The most common definition of secularism would be “the separation of religion and the state.” Under this limited definition, many will argue that technically Lebanon is a secular country since most of our penal code is a civil code and not a religious one, therefore article 534 (for example) which condemns “unnatural sex” (and therefore homosexuality) has nothing to do with religion.

However, secularism as a philosophy and a political movement goes far beyond this limited definition. Secularism means a progressive loss of the influence of religion on society, allowing the latter to go through the individualization of beliefs, the liberation of mores and the respect of private life. A secular state is a state that stays neutral towards all its citizens, and where every single citizen has equal rights regardless of their beliefs and their belonging to specific communities.

Under this definition, totalitarian regimes like those that applied Stalinism and Nazism cannot be considered secular, and that comparison which is made by some activists is irrelevant to the debate concerning Lebanon’s situation today.

Lebanon is not a secular country; no one can deny the influence that religious institutions have in Lebanon over lawmakers, censorship and media. Many NGOs working on women’s rights in rural areas have received direct threats from religious leaders.

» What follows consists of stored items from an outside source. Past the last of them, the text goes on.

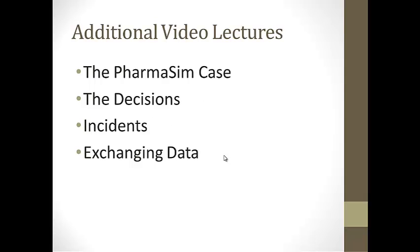We talk about additional video lectures. You are going to see a video lecture specifically on the PharmaSim case. You are going to see video lectures on the decisions. You are going to see video lectures on the incidents that are going to be available. And you are going to see a video lecture on exchanging data. The exchanging data one is going to be how to interact with information incoming to the simulation and how to enter your data into the simulation.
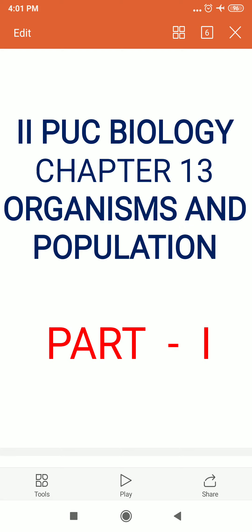Hello dear learners, myself Deenadayalan K, head of the department of biology from AC Independent PEW College. In this video we are going to study a part of chapter 13, that is Organisms and Population.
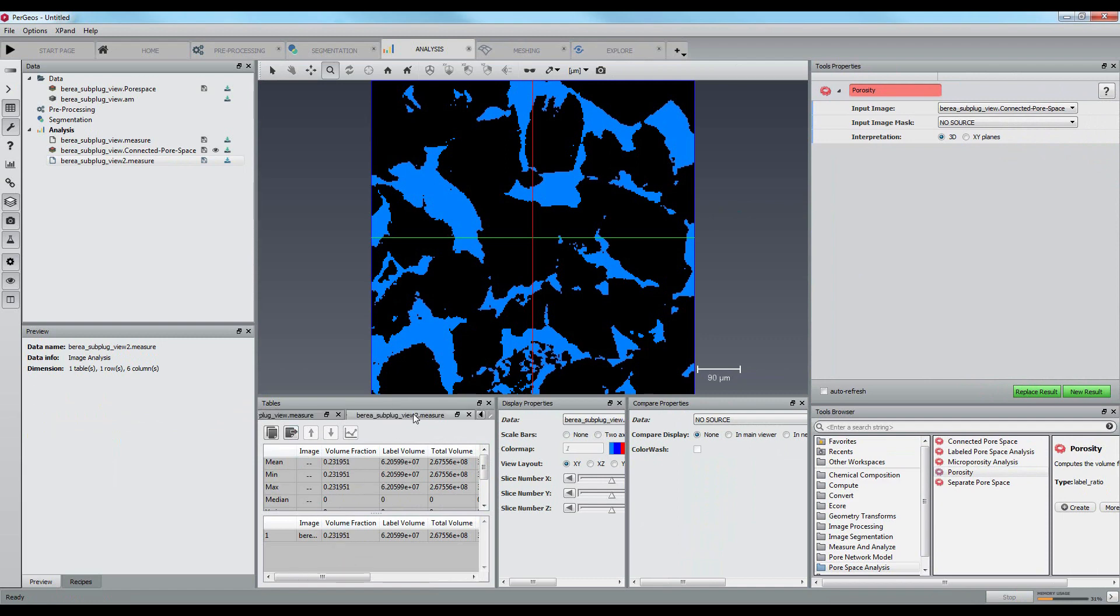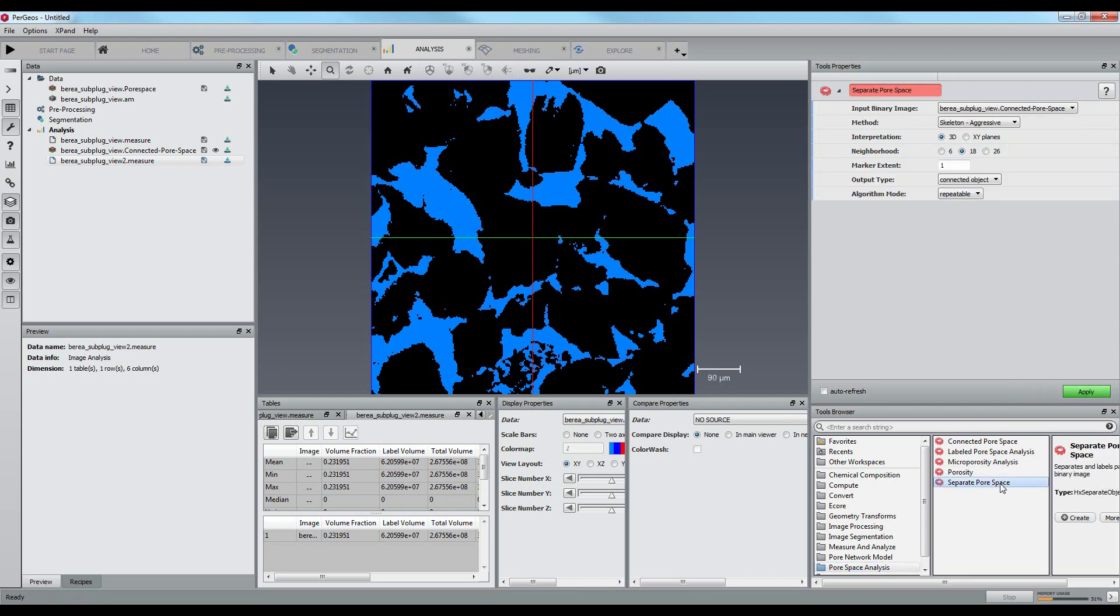Let's now compute the pore size distribution. We will begin by separating the pore space with the separate pore space module.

Many pro-gay rights politicians and journalists that we approached during the past 6 years had the same reaction: “Badkon rjeil el din y’oumo alaina?!” (“Do you want religious leaders to rise against us?!”) Fears like these would have no place in a secular country.

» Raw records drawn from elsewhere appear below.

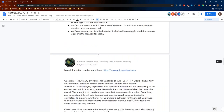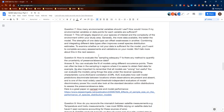Question seven: how many environmental variables should I use? How would I know if my environmental variables or data points for each variable are sufficient?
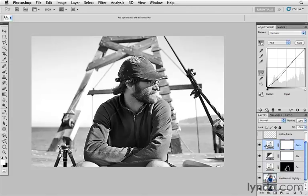I think this is a pretty good start, yet let's continue to make this image even better — we'll pick this up right here in the next movie.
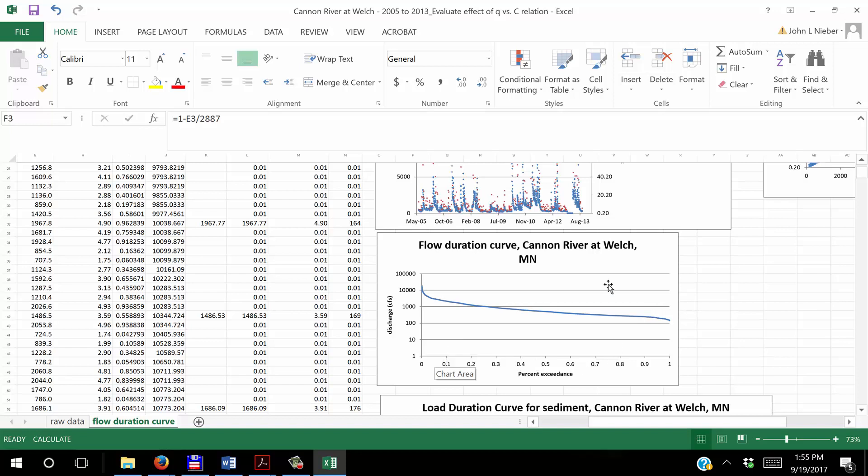So that's the flow duration curve, fairly easy to set up.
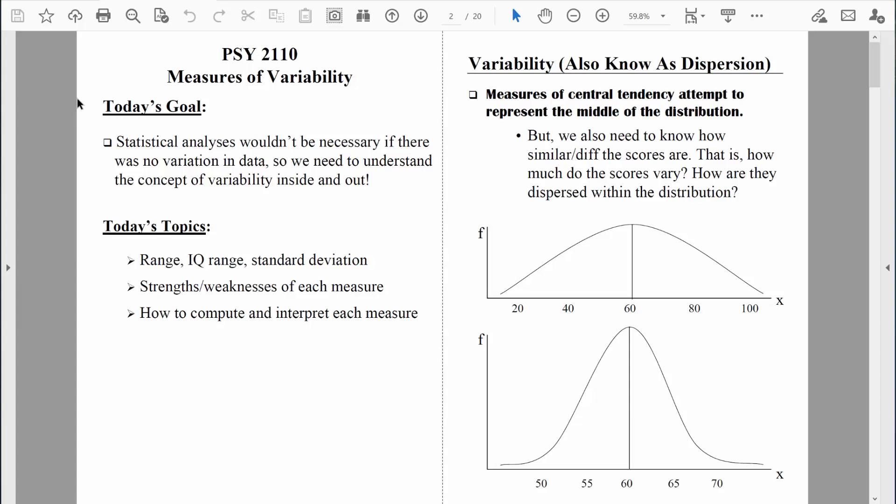Welcome back, everybody. In this next chapter of our course, we're going to talk about measures of variability. Measures of variability are incredibly important in the field of statistics. The way I see it, we wouldn't even need statistics if we didn't have variability. When there's variability in our data, it makes everything a little bit more complicated — more interesting, but also more complicated.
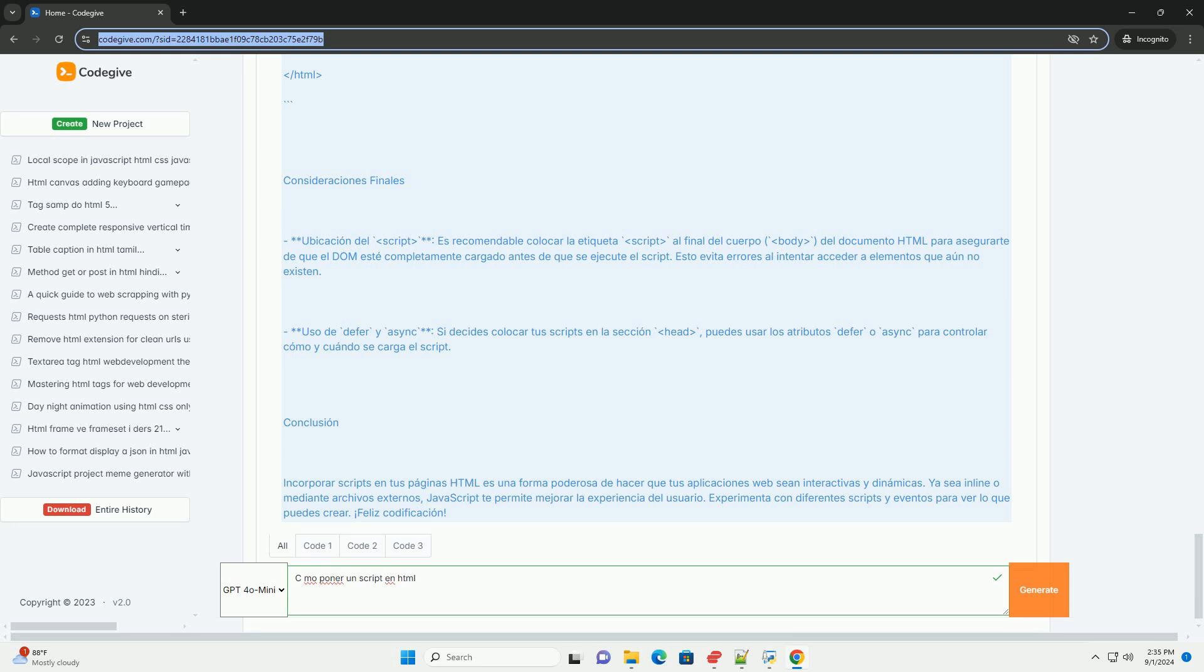Al integrar scripts, se puede añadir interactividad y funcionalidad a las páginas web, mejorando la experiencia del usuario.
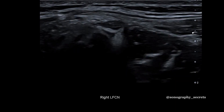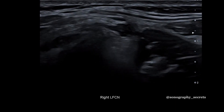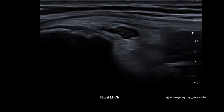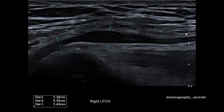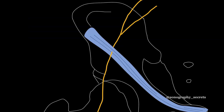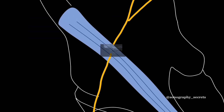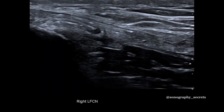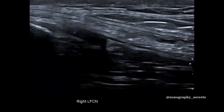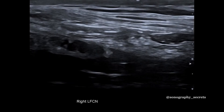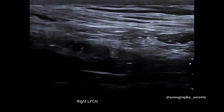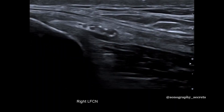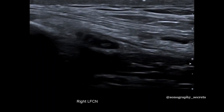We can see an abrupt calibre change and an increase in cross-sectional area, consistent with meralgia paresthetica. In this next example, the LFCN passes through the inguinal ligament. We have focal thickening of the nerve proximal to the site of compression, just like we see in a carpal tunnel.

Secularism alone does not guarantee women’s rights or gay rights, but it establishes the healthy context for us to open the debate without fearing for private freedoms, LGBT rights, women rights, censorship etc….

Unlike the previous initiative to “topple the sectarian movement” whose different representatives did not have a common agreement on the principles of secularism, the “Laique Pride,” taking place this Sunday in Beirut, is the right place for us to push for a healthy government that will ascertain that no community will have the supremacy over another.

I urge every believer in equality, whether they believe in God or not, to join the secular march this Sunday in order for us all to claim our space as equal citizens in the Lebanese society.